[Activity] Every line below from the one with "变形联盟3越空勇者新超变战神大合体开箱分享" through the one with "Mappa Via Gian Battista Garzarolli" should be retyped exactly, both ends included; no other lines and no pictures.

[Exercise materials]

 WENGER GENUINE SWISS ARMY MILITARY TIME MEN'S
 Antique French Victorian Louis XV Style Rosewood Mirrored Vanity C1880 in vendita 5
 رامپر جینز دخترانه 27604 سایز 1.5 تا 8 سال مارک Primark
* * *
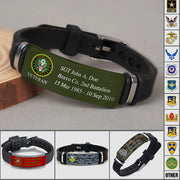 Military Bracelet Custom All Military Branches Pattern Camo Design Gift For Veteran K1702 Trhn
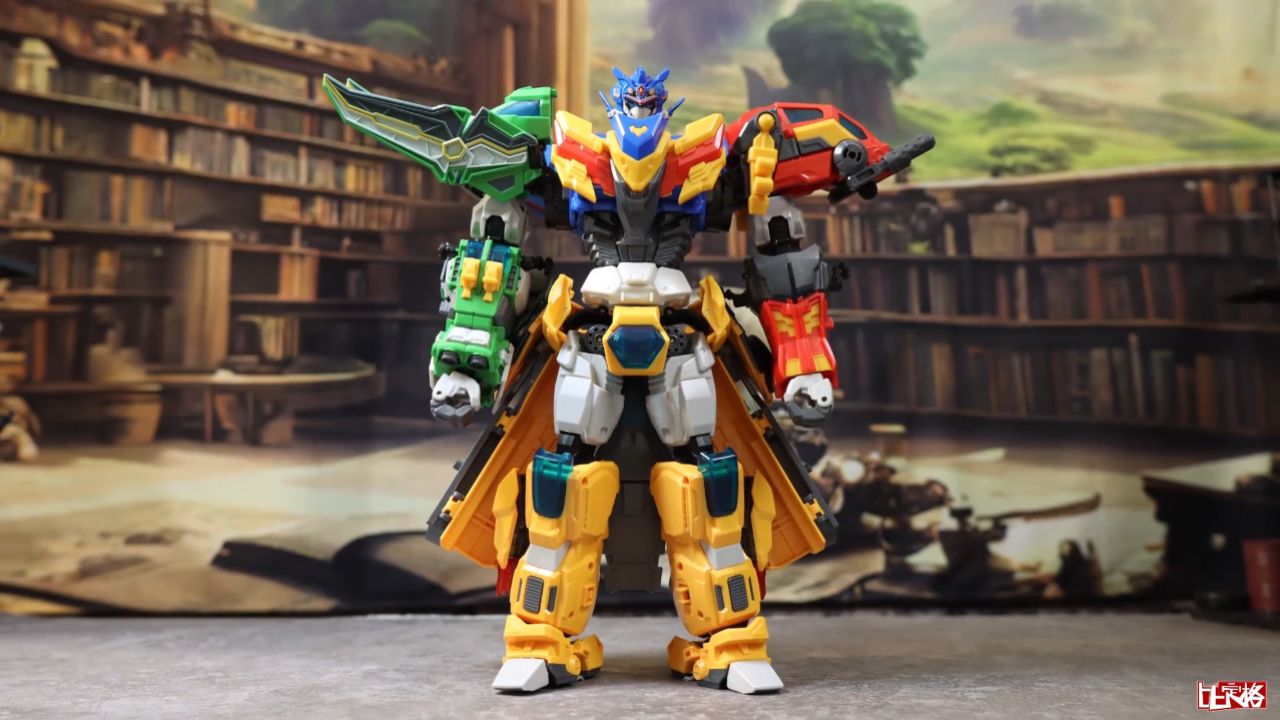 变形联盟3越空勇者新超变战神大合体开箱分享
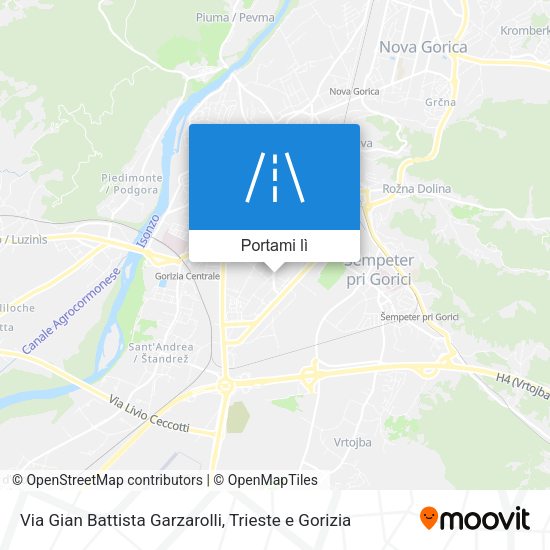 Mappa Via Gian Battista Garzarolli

[Answer to the problem]
 变形联盟3越空勇者新超变战神大合体开箱分享
 Mappa Via Gian Battista Garzarolli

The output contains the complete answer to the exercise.